**ACTIVITY**: The answer must reproduce all of the data below exactly and contain no images.

**MATERIAL FOR THIS TASK**:
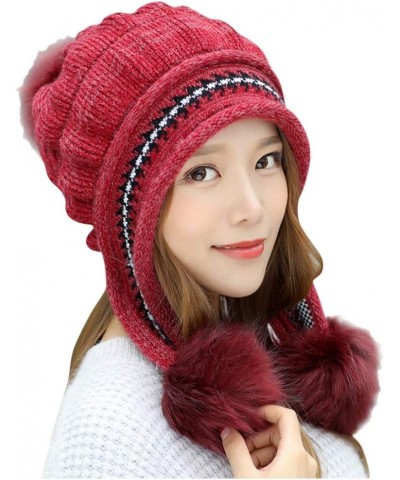 Fashion Womens Flower Knit Crochet Hat Winter Warm Cap Beret for Men French Red-b $13.93 Berets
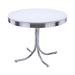 Retro - Round Wood Top Dining Table - White And Chrome - JaxCo Furniture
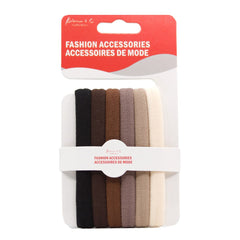 Fashion Ponytail Holder 6pk  - Brown #91986
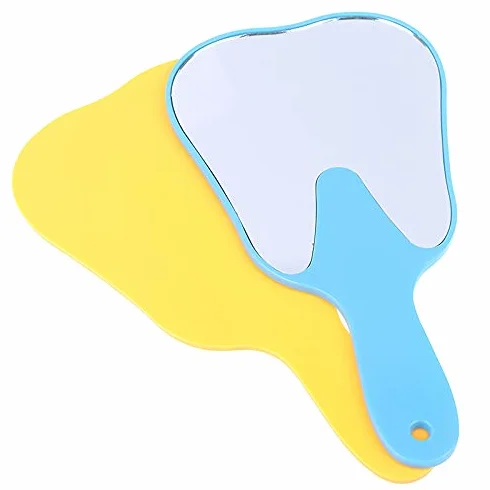 Espejos de cara dental para paciente forma molar color aleatorio 5 piezas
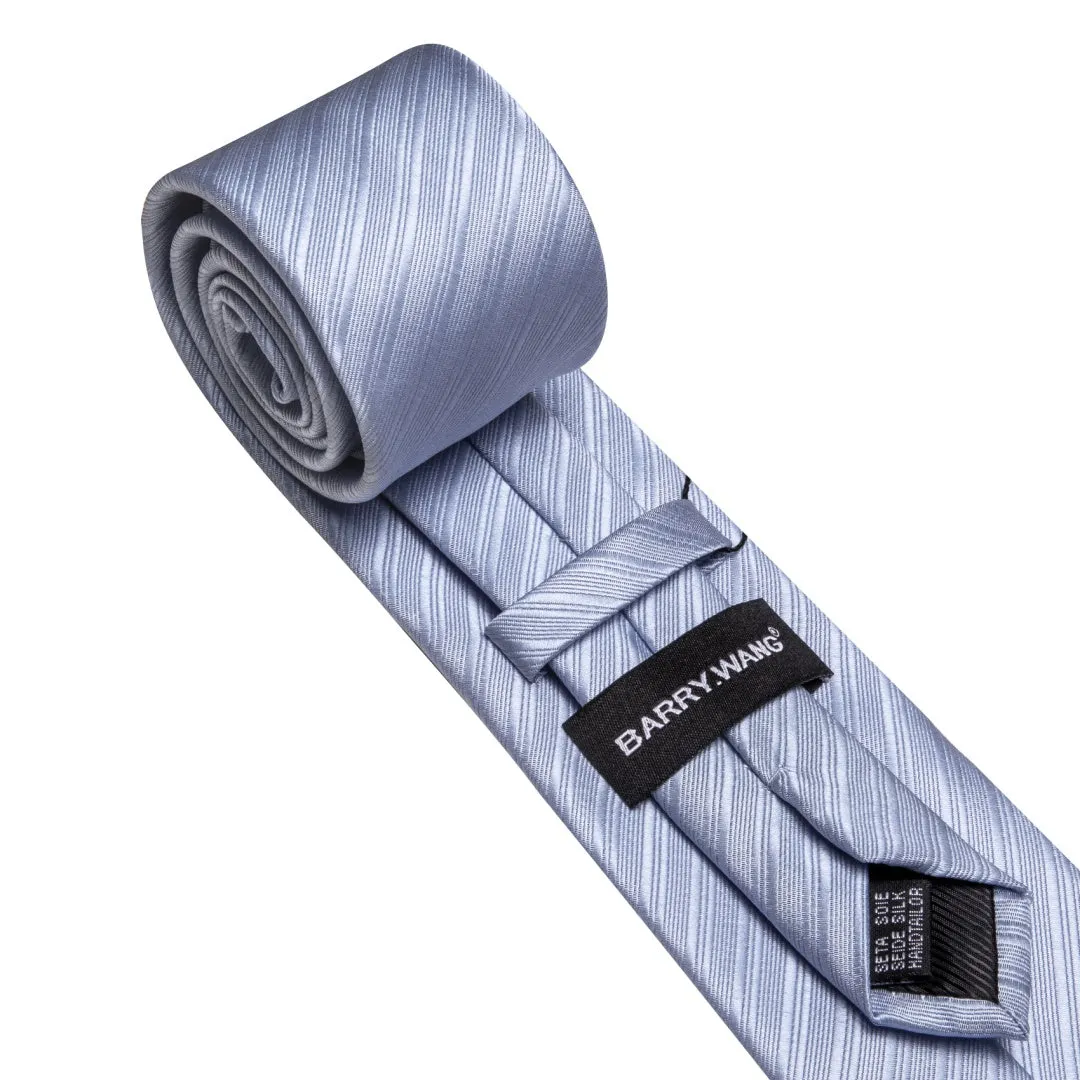 Barry.Wang Mens Solid Light Blue Striped Tie Pocket Square Cufflinks Set sold by Barrywang product image thumbnail 4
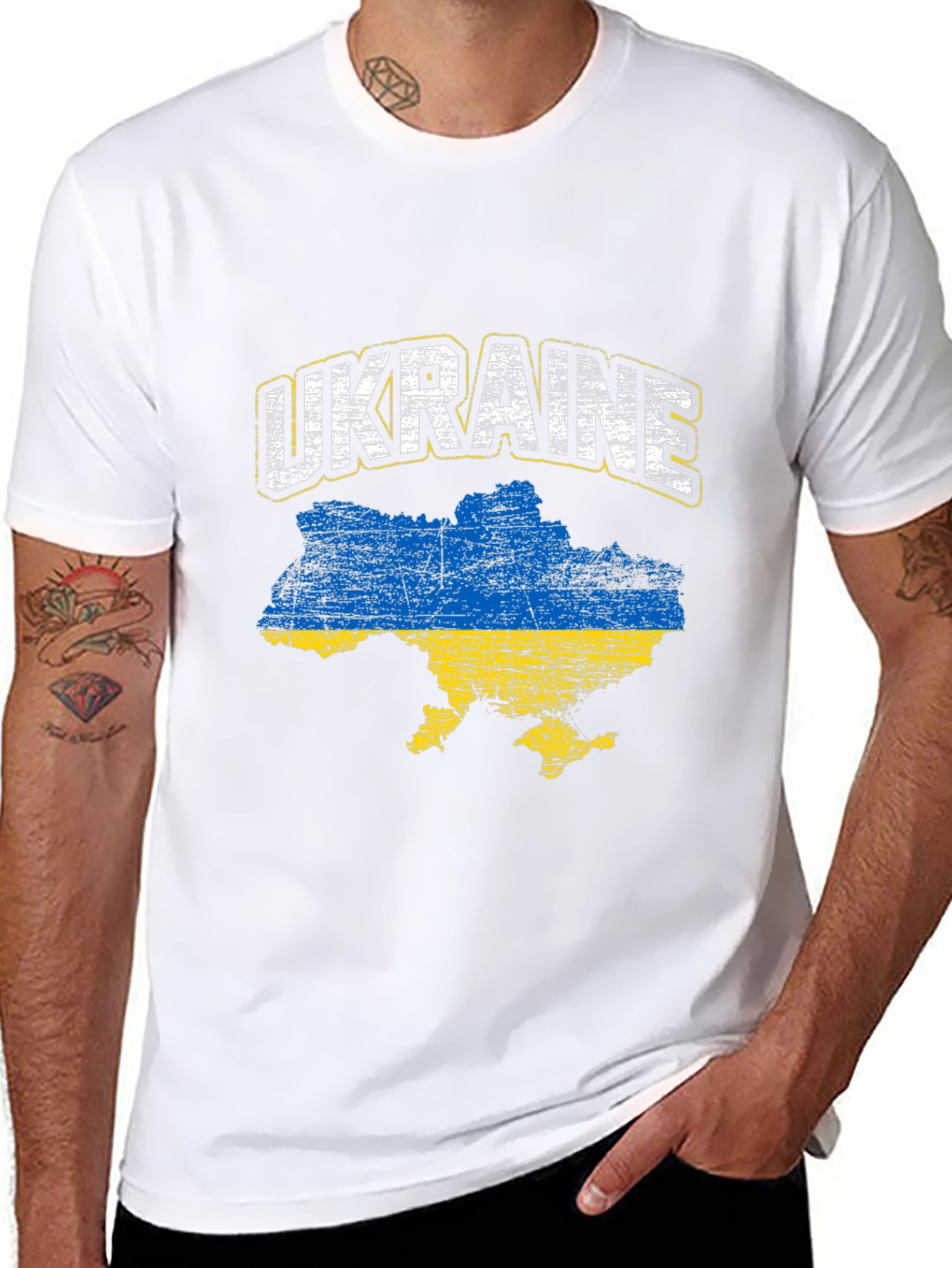 Ukraine Flag Map T-Shirt - Black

**SOLUTION**:
 Fashion Womens Flower Knit Crochet Hat Winter Warm Cap Beret for Men French Red-b $13.93 Berets
 Retro - Round Wood Top Dining Table - White And Chrome - JaxCo Furniture
 Fashion Ponytail Holder 6pk  - Brown #91986
 Espejos de cara dental para paciente forma molar color aleatorio 5 piezas
 Barry.Wang Mens Solid Light Blue Striped Tie Pocket Square Cufflinks Set sold by Barrywang product image thumbnail 4
 Ukraine Flag Map T-Shirt - Black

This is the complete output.